Dans ma famille, on est croque-mort de père en fils.

Sauf mon père.
Et moi.

C’est normal quelque part, puisque c’est ma mère, la fille du croque-mort. Et dans la famille, on n’est pas croque-mort de père en fille. Ca ne se fait pas. Du moins, pas encore.

J’avais 8 ans le jour où j’ai découvert le métier de mon grand-père. Jusqu’à ce jour-là, je croyais simplement qu’il était « camion-poubelle », comme on disait. Puisqu’il était le seul du village à avoir un camion, une fois par semaine il ramassait les ordures sur la Commune. Un jour, il m’a rapporté une de ses trouvailles : « Tintin au Congo » et « Tintin en Amérique ». D’anciennes éditions, un peu tâchées, par endroits légèrement déchirées. Avec une drôle d’odeur. Mes premières BD. Elles sont toujours là, dans ma bibliothèque, parmi des centaines de livres.

Puis un jour, avec ma cousine nous avons découvert le secret.

C’était l’été du feu. Nous avions passé l’après-midi assis sur le banc devant l’étroite petite maison blanche avec ses trois étages et ses volets verts. Comme tous les enfants, nous étions fascinés par les hélicoptères. Cette année-là, ils frôlaient le toit pour aller plonger dans le lac une sorte de gros sac noir suspendu au bout d’un long filin. Puis ils remontaient, déverser leur chargement d’eau sur les pentes enflammées de la montagne, juste derrière le village. Parfois nous recevions quelques petites gouttes, et ça nous faisait rire.

Je me demandais si on trouverait beaucoup de poissons grillés la prochaine fois que nous irions dans la forêt. Etrangement je ne pensais pas aux autres animaux, aus renards ou aux chevreuils que l’on voyait parfois. C’était surtout pour les poissons que j’avais du souci.

Après le goûter, nous étions descendus dans le rez-de-chaussée presque borgne de la vieille maison familiale, près du garage, là où ça sentait la terre humide de la cave, et là où, derrière une porte de bois à la peinture toute écaillée, se cachait le mystère. On nous avait toujours dissuadé d’y aller : « il y des rats, ne descendez pas ». Armés d’un parapluie, promu au rang de gourdin anti-rats, nous nous étions engagés dans l’escalier de pierre, le cœur battant.

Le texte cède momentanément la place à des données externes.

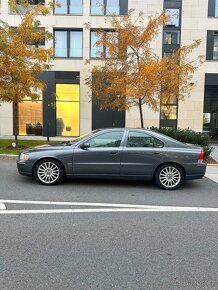 Volvo S60 2.5T Manuál - 5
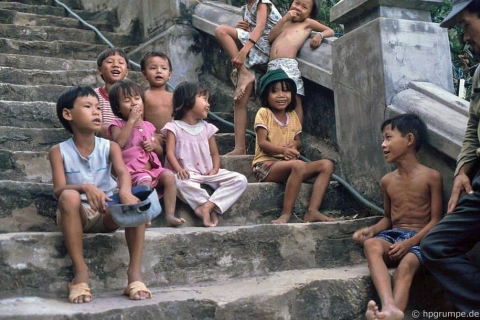 Ngũ Hành Sơn tại Đà Nẵng: Cầu thang lên chùa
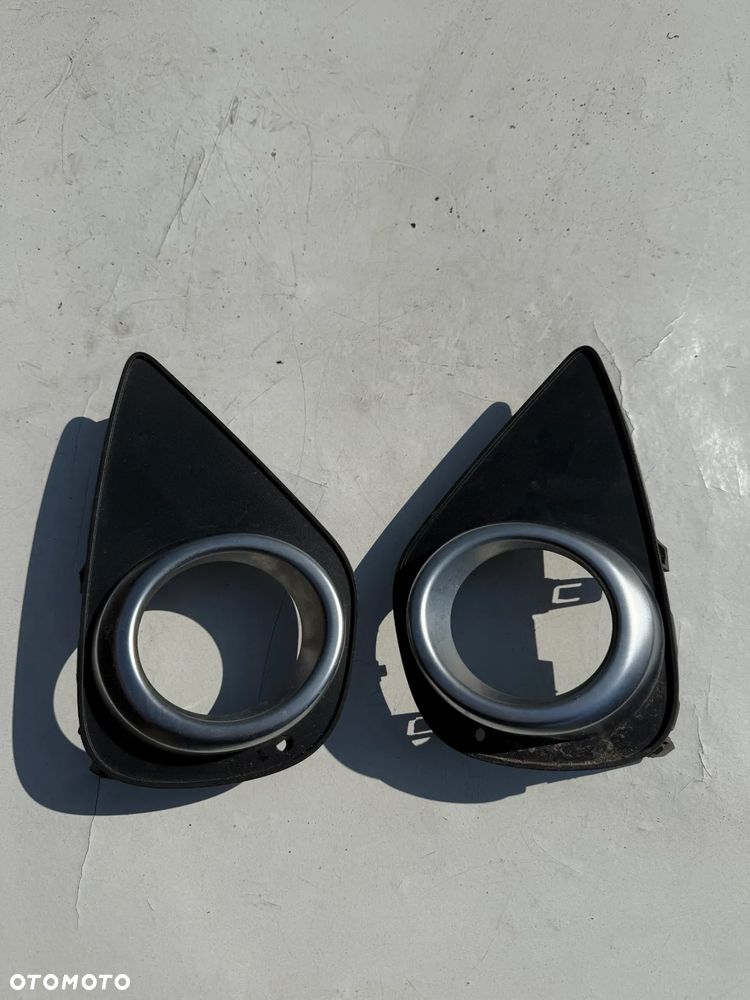 TOYOTA YARIS III KRATKA ZDERZAKA HALOGENU LEWA 81482-0D270 - 1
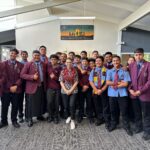 Jacinda Ardern Instagram - A couple of weeks ago I got an email from the De La Selle College debating team asking if I’d drop by as they prepared for their next round of competition. Debating was a huge part of my life when I was at school - it taught me so much, including how to see the world from other people’s perspective. I loved visiting today, and talking competition tactics. Thank you so much for having me De La Selle! It was such a treat.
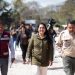 Entrega Tonantzin Fernández 270 árboles navideños naturales a Africam Safari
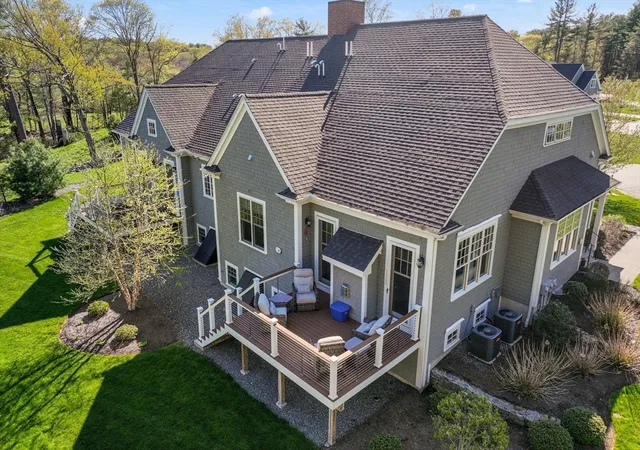 2nd image of 16 Garrison Way #16, Carlisle, MA 01741 | MLS# 73518119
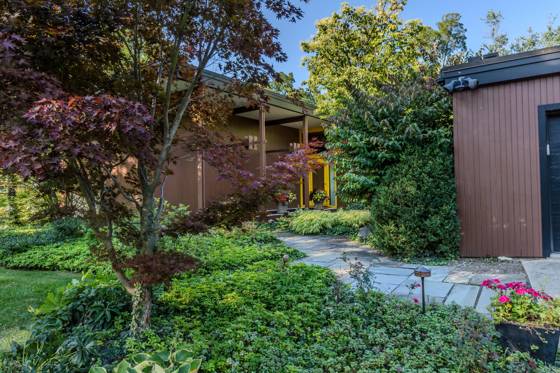 2424 Londonderry Road, Ann Arbor, MI 48104 photo 4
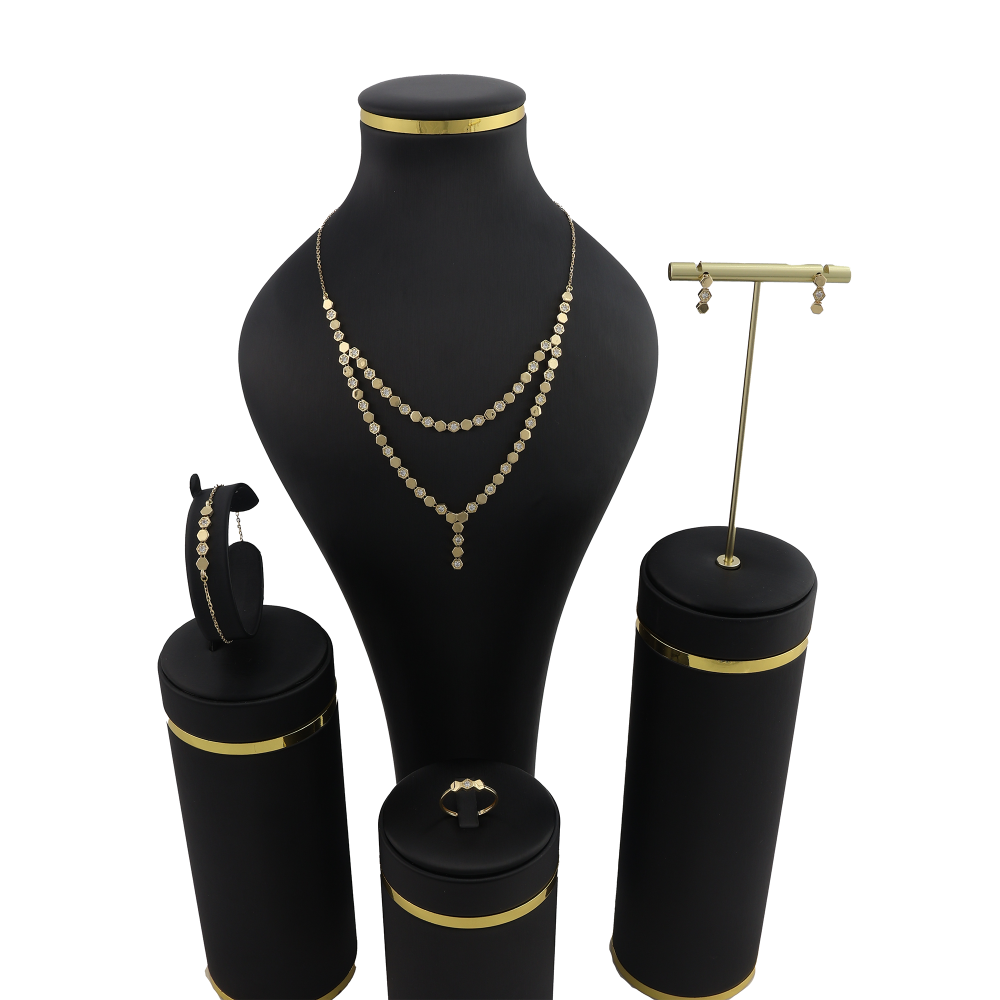 طقم ذهب كامل عيار18 وزن 20.5 جرام عقد واسوارة وحلق وخاتم من شذور الذهب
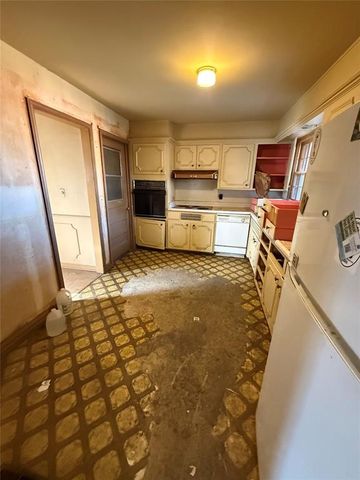 3004 Lakeside Drive, The Village, OK 73120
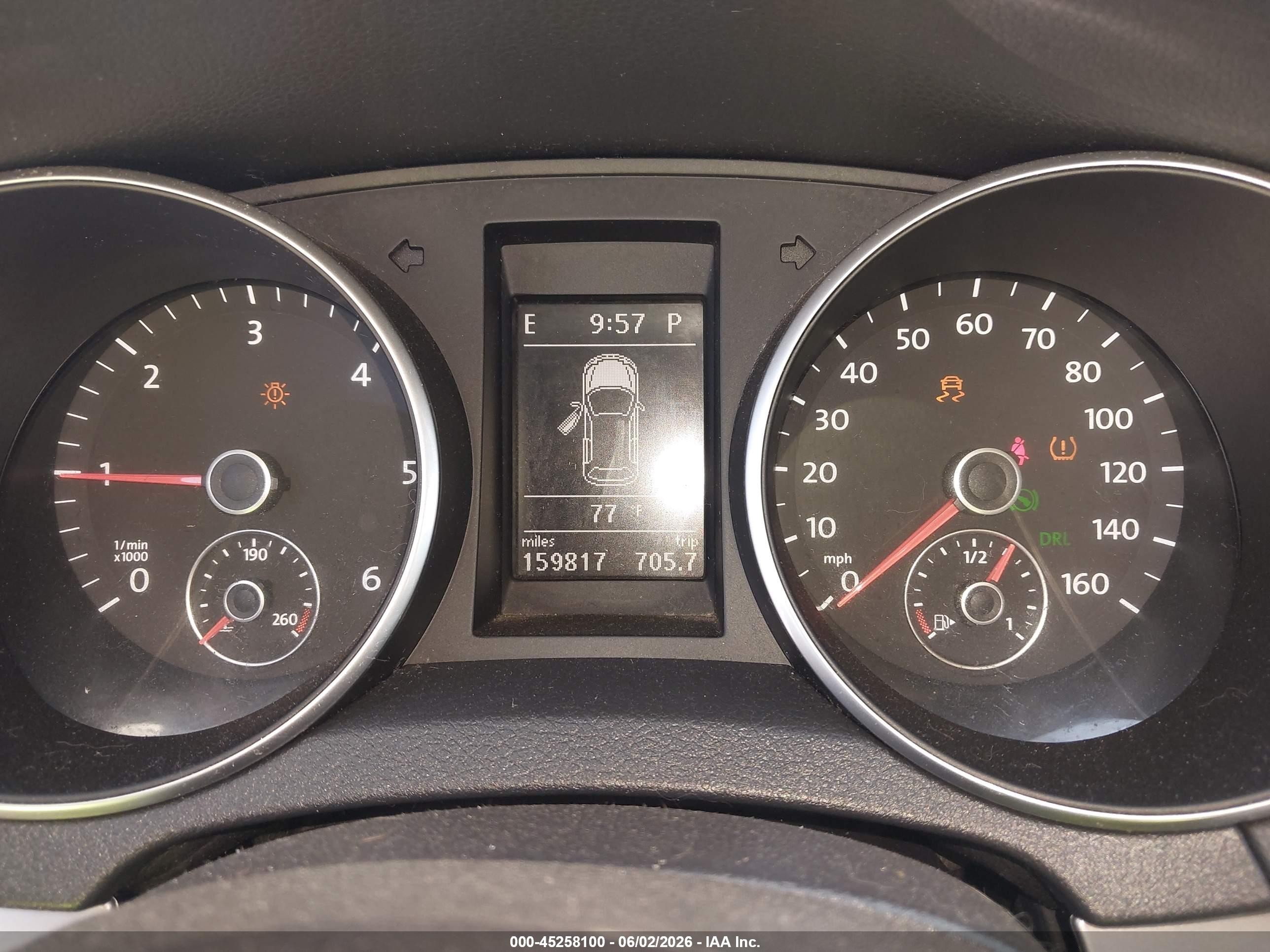 2011 Volkswagen Golf Tdi 4-door Red vin: WVWDM7AJ9BW263125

En poussant la fameuse porte, qui n’avait par accident pas bien été fermée, nous avons d’abord eu un geste de recul. « Mince, c’est ouvert… ». Nous nous sommes ensuite lentement approchés, et peu à peu, l’ampoule blafarde du couloir nous a révélé une armée de cercueils, tous identiques, alignés à la verticale contre tous les murs. Une véritable haie d’horreur que nous n’avons pas pris le temps de traverser, trop occupés que nous étions à remonter les escaliers quatre à quatre, pour rejoindre nos parents.

Ils trempaient des bricelets dans leur tasse de thé dans la cuisine de ma grand-mère. Les tommettes étaient bordeaux et bien lisses, et près du poêle en fonte, elles gardaient une chaleur agréable, sur laquelle nous nous installions souvent pour manger nos parts. Il n’y avait pas toujours assez de place pour nous à la petite table.

Nous avons essayé de prendre un air innocent, mais nous étions très mauvais acteurs. Ils ont vite deviné que nous étions descendus là où nous n’aurions pas dû.

Alors, ils nous ont expliqué.

C’est surtout Mémé qui a parlé. Elle a parlé du papa de Pépé, et de son grand-père, et d’autres encore. Elle a raconté le transport avec les chevaux. On transportait tout. Même les morts. Ca avait commencé parce que personne d’autre n’avait de cheval. Pépé Maurice, lui, ne disait rien. Il semblait chercher quelque chose au fond de sa tasse de thé avec sa cuiller. Mais de temps à autre, il me jetait un regard furtif. A la fois gêné et tendre. Je n’ai pas vraiment eu moins peur. Mais en quelque sorte si.

Et surtout je n’ai plus jamais regardé mon grand-père de la même façon.

Ce soir-là, quand j’ai demandé à ma mère pourquoi on appelait Pépé le croque-mort, j’ai compris pourquoi il n’avait plus beaucoup de dents. Elles avaient été usées par les orteils, même si Maman m’a juré qu’il ne le faisait plus…

Tout en douceur, lentement, j’ai réussi à convaincre mon grand-père de me laisser l’accompagner dans son bureau. J’avais senti que ce serait possible, et même qu’il l’espérait, lorsque nous regards s’étaient croisés à travers la fumée de sa tasse de thé.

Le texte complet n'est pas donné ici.